Prometheus scrape configGREEN (Phase D)infra/prometheus/prometheus.yml reference template; loads alerts.yml.
Alert rules (Prometheus / Grafana)YELLOW (Phase D)infra/prometheus/alerts.yml LIVE as code with 15 rules covering every metric and 6 runbook links. Not yet loaded by a running Prometheus.
Dashboards (Grafana / Datadog / etc.)REDNone in the repo.
SLOs and error budgetsGREEN (Phase D)docs/architecture/SLOS_AND_ALERTING.md codifies every SLO + error budget + escalation path.
Long-term log retentionREDNo log shipper configured.
Trace retentionREDNo exporter destination.

What changed Phase D: the "metrics exist + nothing fires on them" gap is now "metrics exist + rules + SLOs are written, awaiting deployment". The deployment cost is well-bounded (~5-10 days platform-team work) and pre-reviewed.

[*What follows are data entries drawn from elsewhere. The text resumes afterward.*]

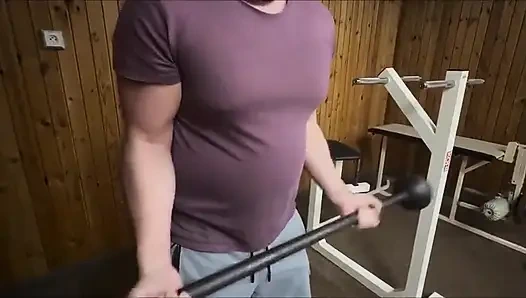 Spor salonunda riskli seks. Çok fazla proteine ihtiyacım var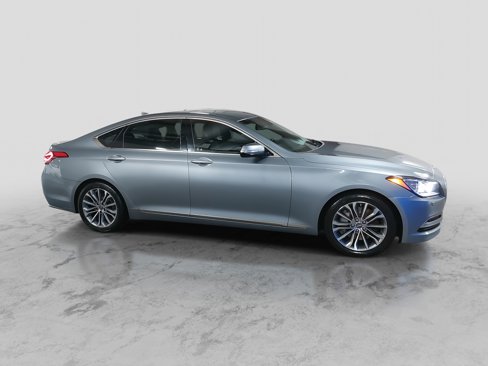 Used 2016 Hyundai Genesis 3.8 image 4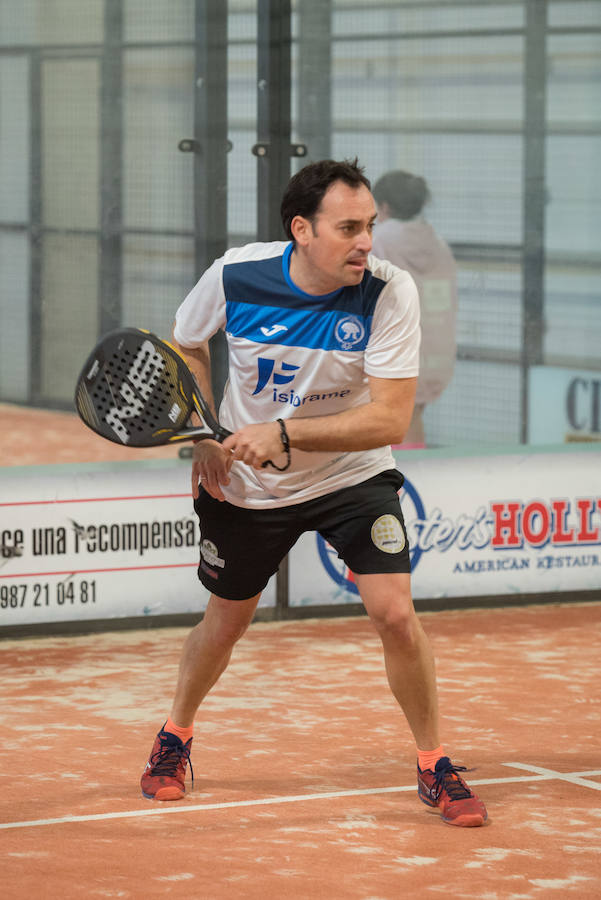 Las mejores imágenes del Torneo Leonoticias de pádel celebrado durante el fin de semana en las instalaciones de Pádel Park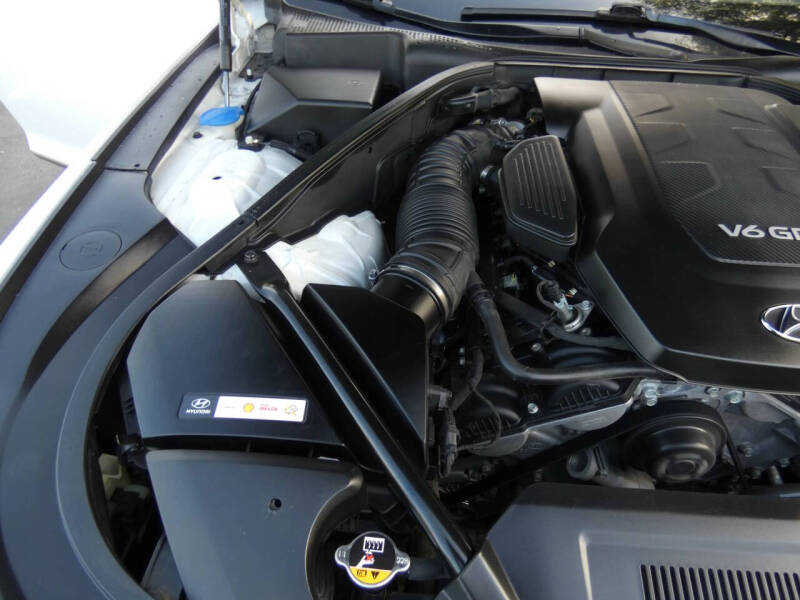 2015 Hyundai Genesis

§2. Deployment + Release Engineering — RED

Headline: there is no production deployment story. docker-compose.yml runs on a developer laptop. That's the deploy surface.

CapabilityScoreNotes
Container imagesYELLOWapps/api/Dockerfile rebuilt to work — pinned pnpm@8.15.9, tini, openssl. Go service images implicitly built by compose. No images in a registry.
Kubernetes manifests / Helm chartsREDNone in infra/.
Terraform / Pulumi / CDKREDNone.
Service-mesh / ingress controller configREDNone.
TLS at the edgeREDLocal dev is HTTP only. SECURITY_CONTROLS.md §A.1 lists TLS 1.3 as Planned.
Blue-green / canary strategyREDNo deploy pipeline.
Rollback strategyREDImplicitly "redeploy previous image"; no documented procedure.
Migration safety (forward-compatible, never-down)YELLOWMigrations apply clean; ALTER TYPE ADD VALUE is forward-safe; no prisma migrate diff check in CI; no pg_repack or low-lock strategy documented.
Migration runner in CIREDMigrations run by hand.
Health-check based readiness gatingYELLOW/healthz + /readyz exist; no k8s probe config because there's no k8s.
CI: lint + test + build + e2eGREEN.github/workflows/ci.yml.
CI: SAST + dep-vuln scanningREDNo Snyk / Dependabot / OSV-scanner.
CI: secret-leak scanningREDNo gitleaks / trufflehog.
CI: container image scanningREDNo Trivy / grype.
Artifact signing (cosign / Sigstore)REDNo signed releases.
SBOM generationREDNone.

Implication: going from "verify-s4-recon.sh passes" to "deployed to staging that mimics production" is a 4-to-6 week dedicated workstream with one platform engineer. Treat that as the schedule.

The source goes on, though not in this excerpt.